The tonsils are small masses of lymphatic tissue at the back of the throat, serving as an initial defense against inhaled or ingested germs. They trap viruses and bacteria entering through the mouth and nose, containing immune cells designed to fight infection. When this defense is overwhelmed, the tonsils become infected and inflamed, a condition known as tonsillitis. A tonsillectomy, the surgical removal of the tonsils, is considered when symptoms are severe, frequent, or lead to structural problems that impair quality of life.
Acute Symptoms of Tonsillitis
An acute episode of tonsillitis, often caused by bacterial infections like Streptococcus (strep throat) or various viruses, creates a profoundly uncomfortable feeling in the throat. The primary sensation is a severe sore throat, often described as a raw or burning pain that makes swallowing liquids and solids extremely difficult. This intense discomfort when swallowing is medically termed odynophagia.
The pain frequently radiates upward, causing an earache on the same side, a phenomenon known as referred pain. The tonsils appear visibly red and swollen, often covered with white or yellowish patches, pus streaks, or a coating of exudate. The immune response also causes the lymph nodes in the neck to swell and become tender, feeling like firm, painful lumps beneath the jawline.
A high fever often accompanies these symptoms, sometimes exceeding 101°F, alongside general malaise and fatigue. The swelling can also affect the voice, making it sound muffled or thick due to physical obstruction. The combination of pain, fever, and difficulty swallowing can interfere significantly with eating, drinking, and overall daily function.
Persistent Conditions That Indicate Removal
Beyond acute infections, persistent structural or chronic issues can indicate the need for tonsil removal. One common problem is tonsillar hypertrophy, the physical enlargement of the tonsils that obstructs the airway.

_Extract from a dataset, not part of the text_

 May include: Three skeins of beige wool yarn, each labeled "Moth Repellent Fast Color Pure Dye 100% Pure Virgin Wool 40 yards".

This structural issue is felt most prominently during sleep, manifesting as habitual snoring, mouth breathing, and pauses in breathing (obstructive sleep apnea).
Chronically enlarged tonsils can interfere with swallowing, leading to difficulty with certain foods or a persistent feeling of something caught in the throat. Another condition is the formation of tonsil stones (tonsilloliths), which are small, calcified deposits that form in the tonsillar crypts. These stones often cause chronic bad breath (halitosis) and a lingering feeling of irritation.
A more immediate and severe complication is a peritonsillar abscess, a collection of pus that develops next to the tonsil, typically on one side. This feels like an extreme, one-sided throat pain that makes opening the mouth difficult, a condition called trismus, due to muscle spasm. The abscess can also result in a distinctive “hot potato” voice and cause the uvula to be visibly pushed away from the affected side.
Objective Medical Criteria for Tonsillectomy
A physician translates the subjective feelings of pain and obstruction into objective standards to determine if a tonsillectomy is warranted. For recurrent infections, the most widely used guideline is the frequency criteria, sometimes referred to as the “7-5-3 rule.” This standard suggests surgery if a patient has experienced seven or more documented episodes of tonsillitis in the past year, five or more per year for the past two years, or three or more per year for the past three years.
For an episode to be counted, it must be severe and documented by a doctor, including features like a temperature above 101°F, swollen neck lymph nodes, pus on the tonsils, or a positive test for Group A streptococcus. The documentation must also confirm that the infections are severe enough to interfere with normal activities, such as school attendance or work.
When breathing difficulty is the primary concern, such as with obstructive sleep apnea, the decision hinges on the objective size of the tonsils and confirmation of the breathing disorder. Tonsil size is graded on a scale. For definitive confirmation of airway obstruction, a sleep study (polysomnography) may be performed, which measures breathing pauses and oxygen levels to provide a quantifiable assessment of severity.